When Wiebke Willebrandt sprawled out to save a Samantha DeGuzman shot in the second half of Boston College women’s soccer’s match against Virginia Tech on Thursday and barely connected with the ball with her fingertips, the “game of inches” precedent certainly rang true.
It turned out to be a game of feet as Natalie Mitchell scored the eventual game winner for the Hokies just a few minutes later from nearly 30 feet out.
Virginia Tech (4–3–3, 1–1–0 Atlantic Coast) defeated the Eagles (3–5–2, 0–2–0) by a score of 2–1 thanks to a brace from Mitchell in the 70th minute and a lock-down performance by goalkeeper Alia Skinner. Skinner finished with three saves.
“I think the backline just did a really good job of communicating and when their players run offsides, just staying organized,” BC head coach Jason Lowe said. “I think they did a great job, you know, two unlucky goals, but I thought they played really really well overall.”
Just 5:43 into the game, the Hokies notched the first goal of the match to go up 1–0. Emma Pelkowski took the ball down the left side and crossed it into the box. A perfectly lofted pass landed right on the foot of Mitchell, who was standing feet away from BC netminder Willebrandt. Willebrandt tried to sprawl out and block the shot, but Mitchell was too close in on goal and she put the ball home.
The Eagles responded just eight minutes later when Ella Richards scored her fourth goal of the season. Richards dribbled into the box and got an angle on net, which she took advantage of. Her shot came just within reach of Skinner, but the scorcher became too hard for Skinner to handle, going off both of the goalkeeper’s hands and into the back of the net.
After the early fireworks, the rest of the first half didn’t see any action in terms of scoring.
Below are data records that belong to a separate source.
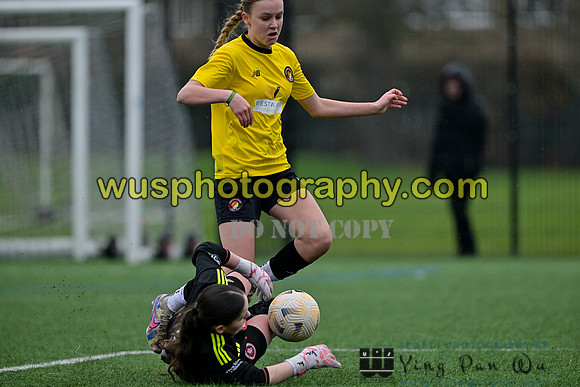 20250215-155547C Welling United Academy Girls U16 v Ebbsfleet United Girls U16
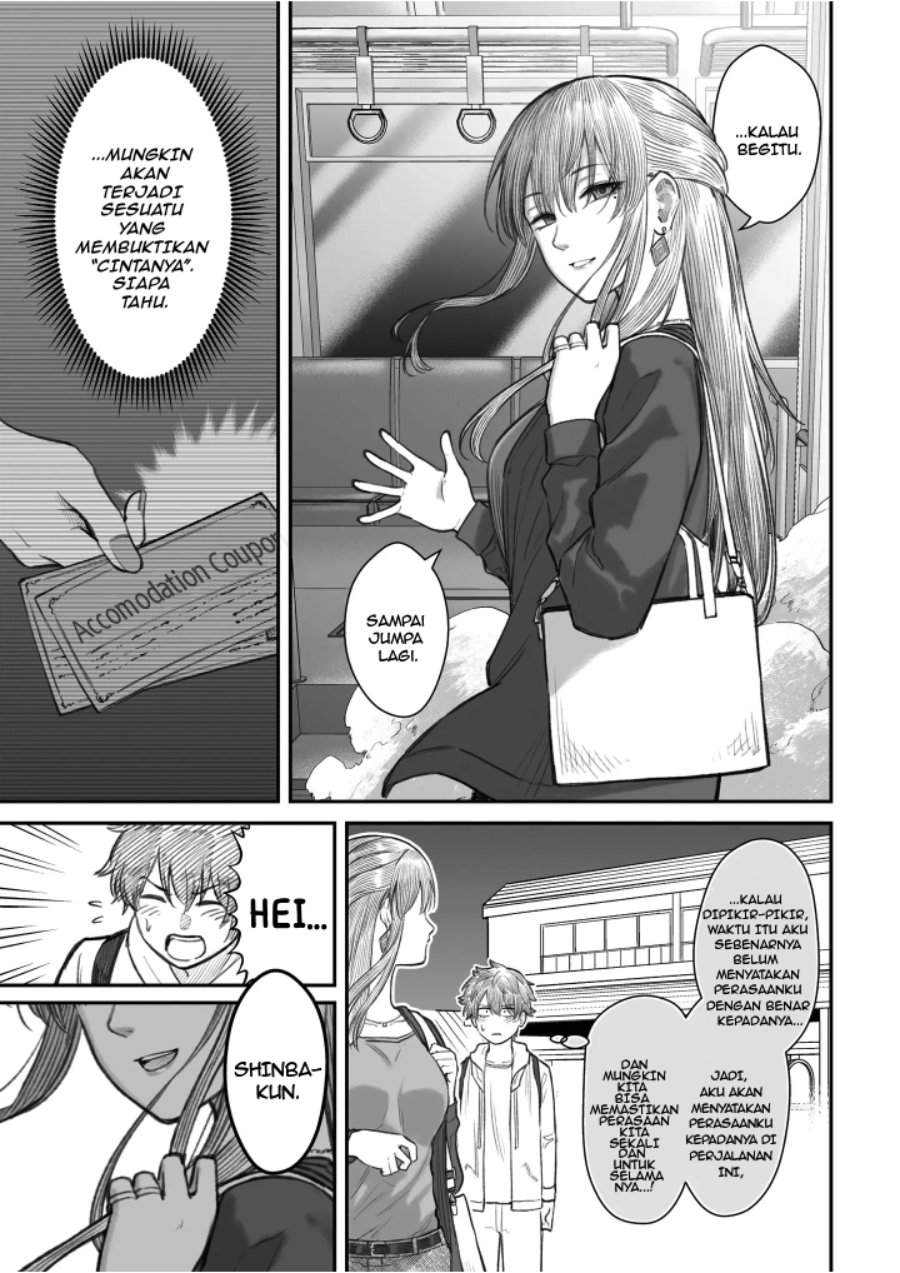 Dame Ningen no Aishikata Chap 9.2 - Next Chap 10.2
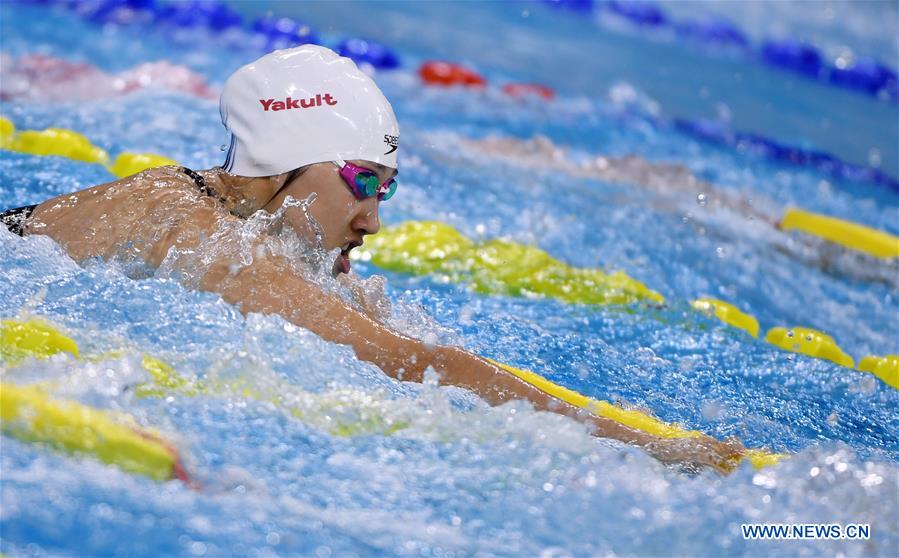 (SP)CHINA-WUHAN-7TH MILITARY WORLD GAMES-LIFESAVING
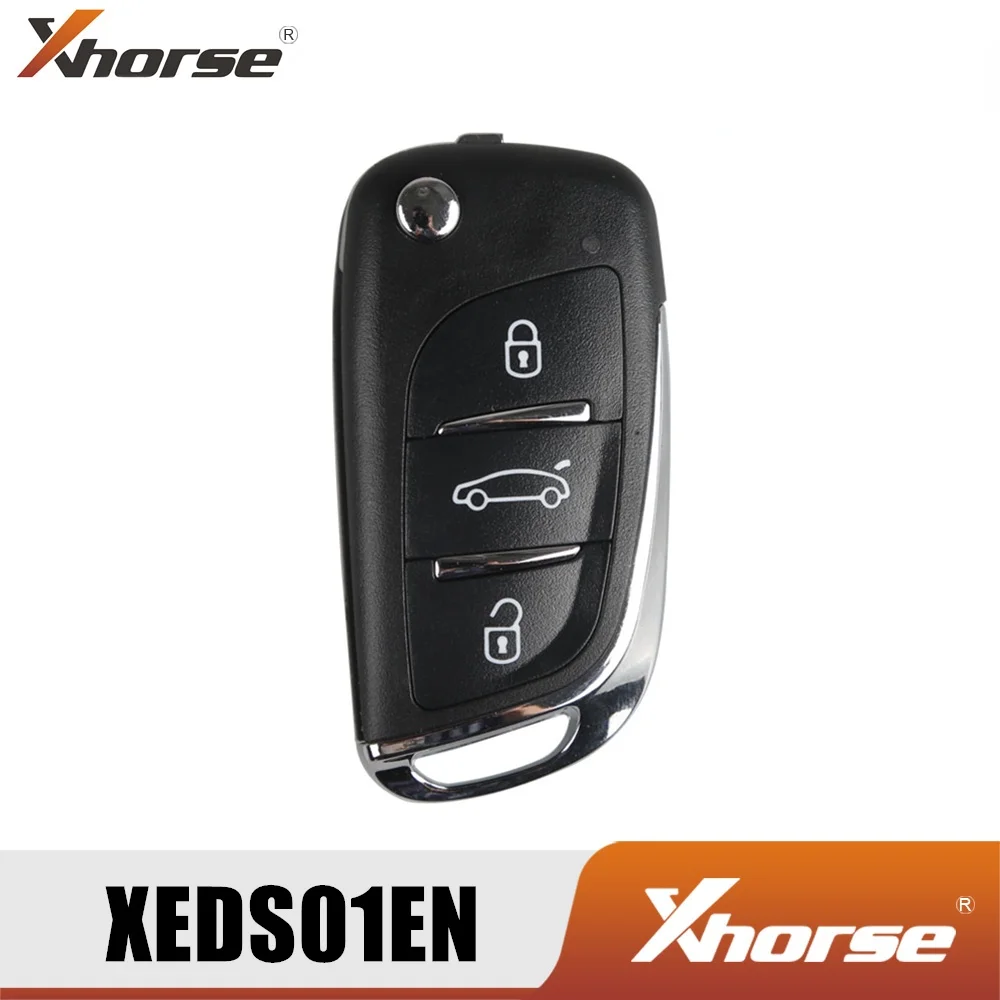 

PROMOTION - Xhorse VVDI XEDS01EN For DS Style Super Remote 3 Buttons with Built-in Super Chip English Version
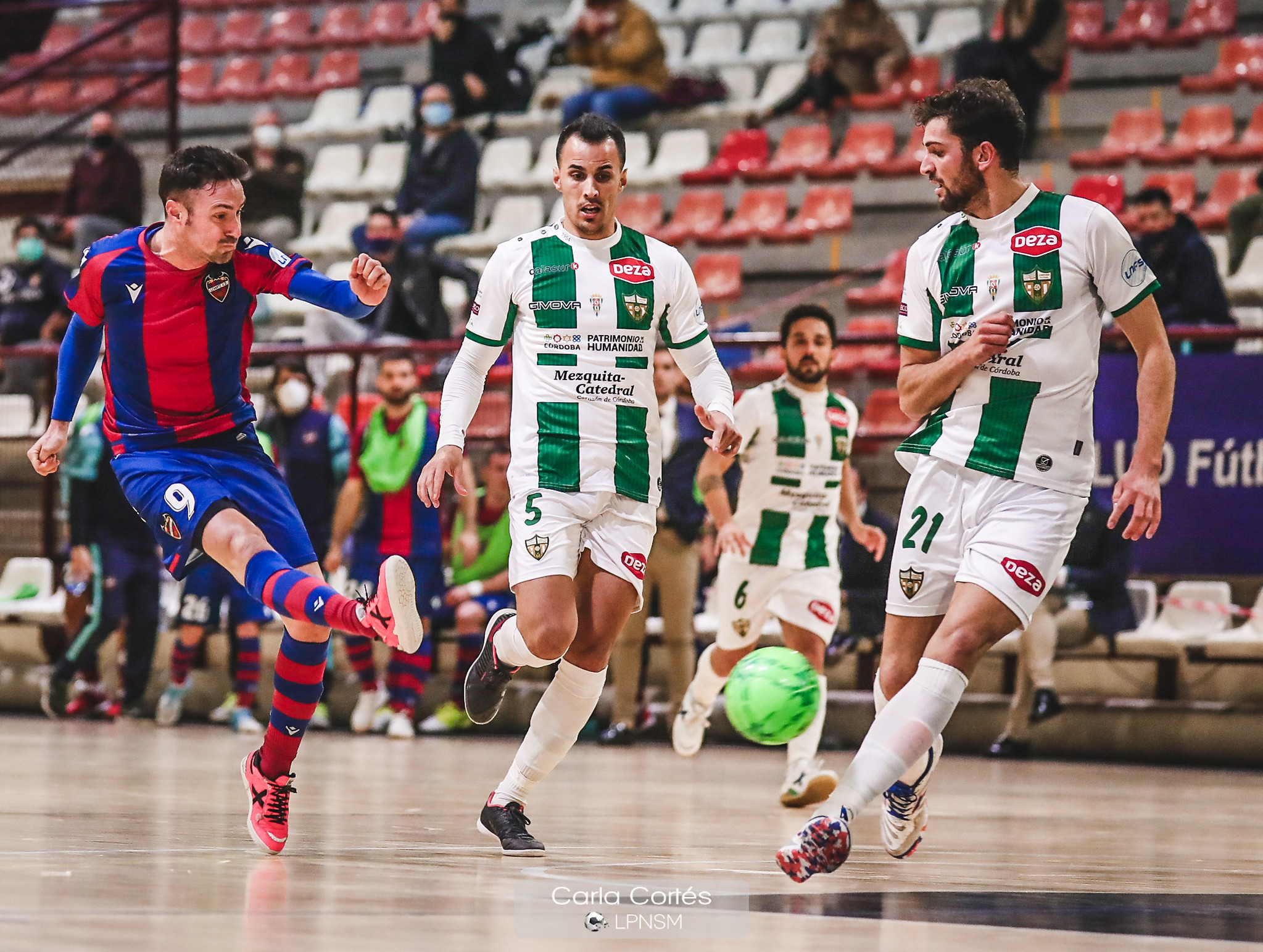 Fotogalería del Levante UD FS -Córdoba Patrimonio de la Humanidad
A hard tackle by the Hokies’ Averi Visage at the 19:25 mark booked the defender for the rest of the game with a yellow card, but the most consequential fouls of the half were committed by BC.
Sydney Segalla committed a foul at the edge of the box, and the Virginia Tech sideline pleaded for a penalty. The referees granted a free kick to the Hokies instead. They elected to take an outswinging cross that Anna Weir settled. Weir got a shot on frame but Willebrandt was up to the task, leaving the score at 1–1 going into half.
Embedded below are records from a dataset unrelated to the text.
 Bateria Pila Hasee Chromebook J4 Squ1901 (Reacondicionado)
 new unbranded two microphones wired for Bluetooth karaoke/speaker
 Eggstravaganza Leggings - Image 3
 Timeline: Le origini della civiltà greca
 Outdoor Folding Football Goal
“She was way more confident than she was against Duke,” Lowe said of Willebrandt. “You saw it in her, just coming out collecting balls and then punching crosses. Distribution was good, so, I mean, I can’t fault [Willebrandt] anything. She was rock solid. We wouldn’t be in that game if it wasn’t for her.”
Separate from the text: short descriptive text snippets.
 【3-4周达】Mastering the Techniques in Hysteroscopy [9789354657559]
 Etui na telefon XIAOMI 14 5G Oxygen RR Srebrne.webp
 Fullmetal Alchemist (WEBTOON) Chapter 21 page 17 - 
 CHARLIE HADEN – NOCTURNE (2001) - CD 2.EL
Willebrandt made an unbelievable save to try to keep the game knotted at one when DeGuzman fired a rising shot that looked like it had a chance to give the Hokies the lead. But the tips of Willebrandt’s fingers deflected the shot off the crossbar and over the net, producing a highlight play for the netminder.
Nevertheless, the Hokies eventually broke the tie when Mitchell caught Willebrandt off her line and chipped the ball into the net from nearly 30 yards deep.
“I knew the game was gonna reset at halftime,” Lowe said. “We had really good momentum going in the first half. I think they changed their tactics a little bit and tried to turn it into a track meet. I think we weren’t able to possess as much as we were in the first half. We just didn’t adjust as well as I thought we needed to.”